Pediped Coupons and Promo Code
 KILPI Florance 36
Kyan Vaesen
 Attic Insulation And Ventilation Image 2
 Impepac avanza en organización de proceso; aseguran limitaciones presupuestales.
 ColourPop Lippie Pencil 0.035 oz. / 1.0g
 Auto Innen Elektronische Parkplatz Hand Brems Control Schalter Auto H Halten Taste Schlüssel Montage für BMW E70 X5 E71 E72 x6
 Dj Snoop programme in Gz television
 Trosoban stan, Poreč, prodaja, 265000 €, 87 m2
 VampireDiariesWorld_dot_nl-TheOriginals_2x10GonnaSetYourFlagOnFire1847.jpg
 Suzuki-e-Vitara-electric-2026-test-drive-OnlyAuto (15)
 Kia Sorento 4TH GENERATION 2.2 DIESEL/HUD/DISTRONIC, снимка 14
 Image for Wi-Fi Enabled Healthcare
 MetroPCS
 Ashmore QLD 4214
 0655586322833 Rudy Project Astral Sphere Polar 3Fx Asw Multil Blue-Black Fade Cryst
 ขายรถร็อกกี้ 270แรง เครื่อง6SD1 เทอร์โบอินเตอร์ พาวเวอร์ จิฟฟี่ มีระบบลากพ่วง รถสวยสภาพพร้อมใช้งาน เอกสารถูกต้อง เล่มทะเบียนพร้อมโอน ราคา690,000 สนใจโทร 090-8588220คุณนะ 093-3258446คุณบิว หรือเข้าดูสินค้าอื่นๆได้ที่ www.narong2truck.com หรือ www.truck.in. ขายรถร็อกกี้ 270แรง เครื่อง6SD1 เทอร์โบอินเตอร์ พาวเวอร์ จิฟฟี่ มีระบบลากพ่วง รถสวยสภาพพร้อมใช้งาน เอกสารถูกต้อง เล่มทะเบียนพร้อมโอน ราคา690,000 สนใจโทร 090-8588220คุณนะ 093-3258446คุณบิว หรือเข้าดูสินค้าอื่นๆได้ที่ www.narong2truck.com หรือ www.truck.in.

WORK REQUEST ▸
Please output the complete data exactly.

SOLVED EXERCISE ▸
Pediped Coupons and Promo Code
 KILPI Florance 36
Kyan Vaesen
 Attic Insulation And Ventilation Image 2
 Impepac avanza en organización de proceso; aseguran limitaciones presupuestales.
 ColourPop Lippie Pencil 0.035 oz. / 1.0g
 Auto Innen Elektronische Parkplatz Hand Brems Control Schalter Auto H Halten Taste Schlüssel Montage für BMW E70 X5 E71 E72 x6
 Dj Snoop programme in Gz television
 Trosoban stan, Poreč, prodaja, 265000 €, 87 m2
 VampireDiariesWorld_dot_nl-TheOriginals_2x10GonnaSetYourFlagOnFire1847.jpg
 Suzuki-e-Vitara-electric-2026-test-drive-OnlyAuto (15)
 Kia Sorento 4TH GENERATION 2.2 DIESEL/HUD/DISTRONIC, снимка 14
 Image for Wi-Fi Enabled Healthcare
 MetroPCS
 Ashmore QLD 4214
 0655586322833 Rudy Project Astral Sphere Polar 3Fx Asw Multil Blue-Black Fade Cryst
 ขายรถร็อกกี้ 270แรง เครื่อง6SD1 เทอร์โบอินเตอร์ พาวเวอร์ จิฟฟี่ มีระบบลากพ่วง รถสวยสภาพพร้อมใช้งาน เอกสารถูกต้อง เล่มทะเบียนพร้อมโอน ราคา690,000 สนใจโทร 090-8588220คุณนะ 093-3258446คุณบิว หรือเข้าดูสินค้าอื่นๆได้ที่ www.narong2truck.com หรือ www.truck.in. ขายรถร็อกกี้ 270แรง เครื่อง6SD1 เทอร์โบอินเตอร์ พาวเวอร์ จิฟฟี่ มีระบบลากพ่วง รถสวยสภาพพร้อมใช้งาน เอกสารถูกต้อง เล่มทะเบียนพร้อมโอน ราคา690,000 สนใจโทร 090-8588220คุณนะ 093-3258446คุณบิว หรือเข้าดูสินค้าอื่นๆได้ที่ www.narong2truck.com หรือ www.truck.in.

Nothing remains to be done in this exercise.